Un article qui montre le piège de la critique superficielle, suivi de quelques remarques complémentaires en PS.
« Derrière nos écrans de fumée » (The Social Dilemma) ou le leurre de la critique superficielle (par Nicolas Casaux)
Extraits :
Tout système de domination conséquent, cherchant à se parer des oripeaux de la démocratie et de la liberté, comprend l’importance de prodiguer à ses sujets l’impression qu’il existe en son sein des garde-fous, des oppositions et des critiques libres de s’exprimer. Nous vivons en démocratie. La preuve ? Il y a la droite et la gauche, il y a le pluralisme des médias de masse, etc. Bien entendu, cette opposition entre droite et gauche est largement illusoire. Par exemple, personne, dans la majeure partie du spectre politique, ne remet sérieusement en cause l’État, le capitalisme technologique, l’industrialisme. La plupart s’accordent sur l’essentiel, de même que les médias de masse. Cette mise en scène d’une diversité de vues, qu’on cherche même à présenter comme antagonistes, renforce l’inertie du système technocapitaliste. En outre, les critiques superficielles autorisées dans la sphère culturelle grand public participent parfois à la consolidation, à l’amélioration, au perfectionnement de ce système de domination.

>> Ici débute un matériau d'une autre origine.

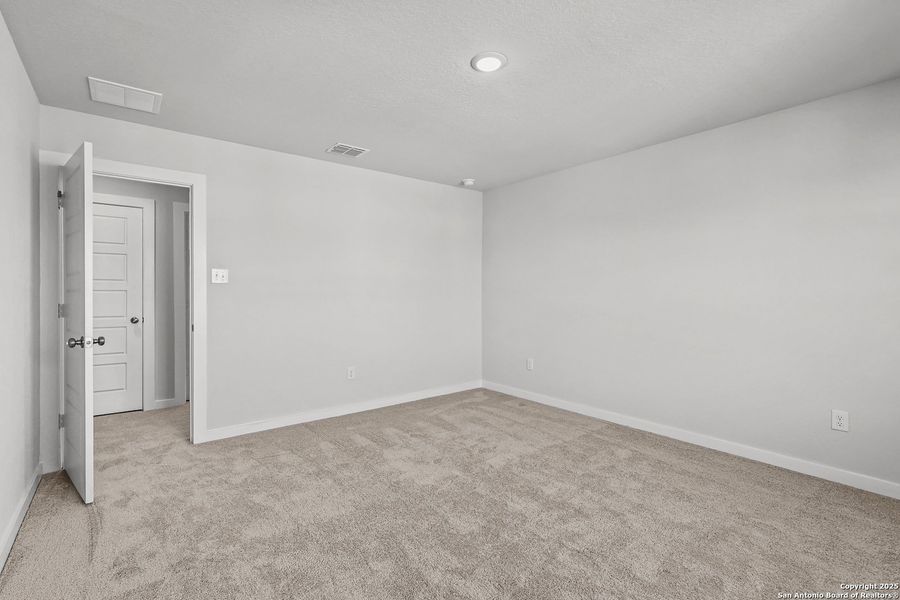 Spacious, unfurnished interior of a new home in Senna, Leon Valley (Image 27).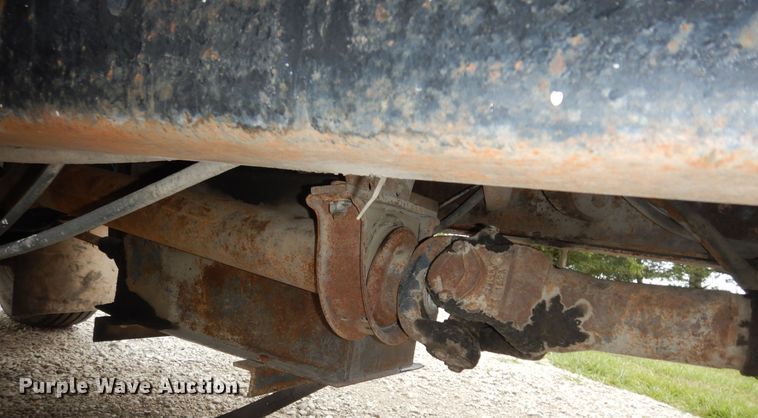 image for item DN1730 1970 GMC Astro 95  grain truck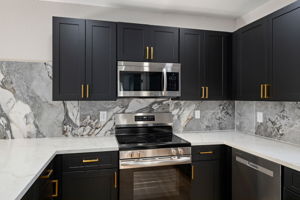 100 W Val Verde St-13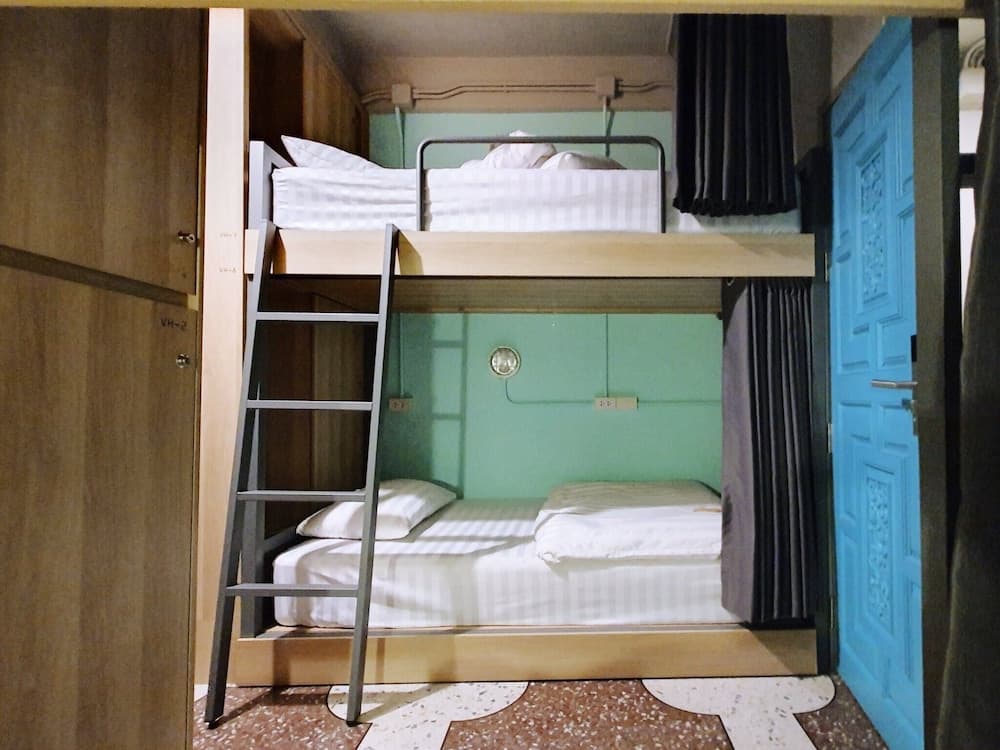 Stash Hostel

- L’écran de fumé de la critique superficielle permet de continuer le système technocapitaliste
Le seul problème, selon nos ex-ingénieurs reconvertis en champions de l’éthique ? Le « business-model » des entreprises. Qu’il faudrait changer. Il faut plus de régulations. Il faut changer notre « façon de concevoir les réseaux sociaux », « changer les réseaux sociaux et leur fonctionnement ». (Pire encore du côté d’Élise Lucet, qui se contente de blâmer les utilisateurs des technologies modernes : il leur faut « reprendre le contrôle » sur lesdites technologies, en se prenant en main eux-mêmes, en acquérant une certaine discipline. Ne nous faudrait-il pas surtout, chère Élise, « reprendre le contrôle » sur les organisations sociales qui nous réduisent au rang de « ressources humaines » ?)

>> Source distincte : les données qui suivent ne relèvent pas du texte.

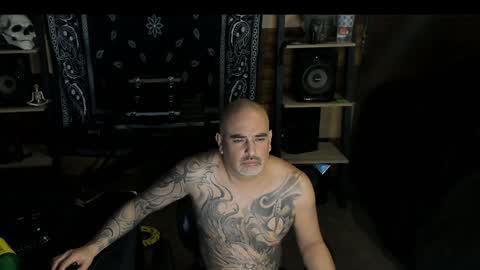 Snapshot of smokey915 chatting on January 17, 9:06 am Smokey915 online show from January 17, 9:06 am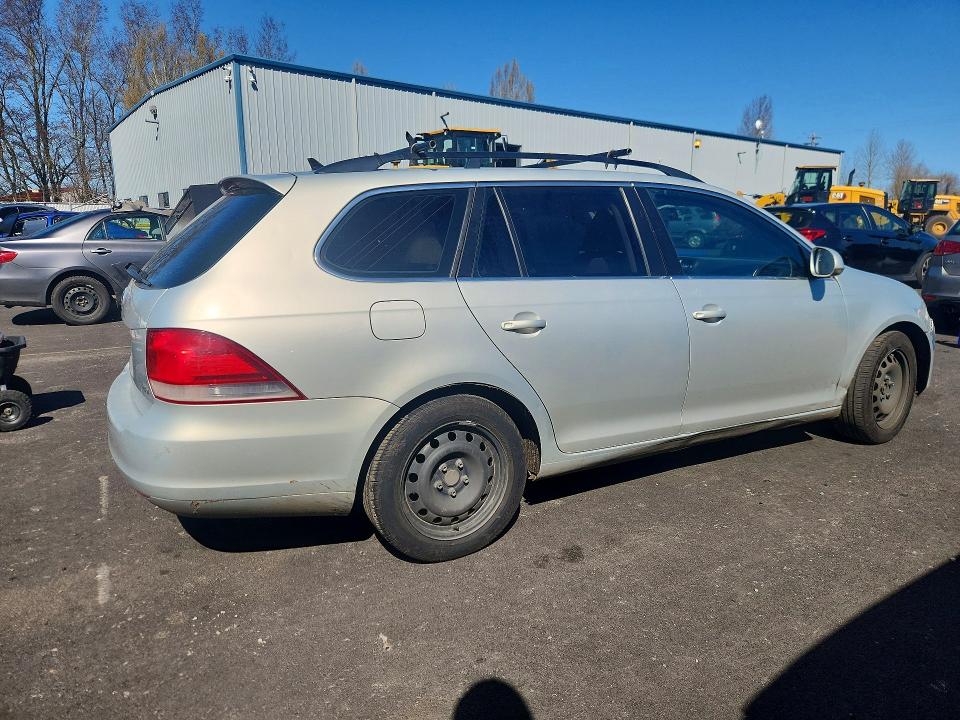 47728976 :رقم المزاد ، 3VWPL8AJ7BM656592 vin ، 2011 Volkswagen Jetta مزاد بيع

Et afin de changer le « business-model » des « entreprises de la Tech », plusieurs ex-employés des plus célèbres d’entre elles ont, sous l’impulsion de Tristan Harris (ex-employé de Google), formé une ONG, le Center for Humane Technology, ou « Centre pour une technologie humaine », avec pour objectif d’inciter les compagnies à se moraliser, à concevoir des produits plus décents, moins addictifs, plus gentils, moins méchants.
En occultant toute réflexion approfondie, sérieuse, radicale, sur les tenants et aboutissants du système technologique et des macro-systèmes qui le composent, sur les toujours plus nombreuses et envahissantes technologies modernes, le documentaire de Netflix et l’émission d’Élise Lucet servent pleinement la continuation, pour l’essentiel, des dynamiques technocapitalistes, qu’il s’agirait simplement de réformer, ci et là, pour que tout continue d’aller pour le mieux dans le Meilleur des mondes. Cette défense du statu quo, de l’essentiel du système techno-industriel et de ses dynamiques, s’exprime d’ailleurs de manière on ne peut plus flagrante dans la vive condamnation des destructions d’antennes 5G par le documentaire produit par Netflix, lesquelles seraient uniquement l’œuvre de quelques abrutis désorientés par des « fake news » ou quelque « théorie conspirationniste ».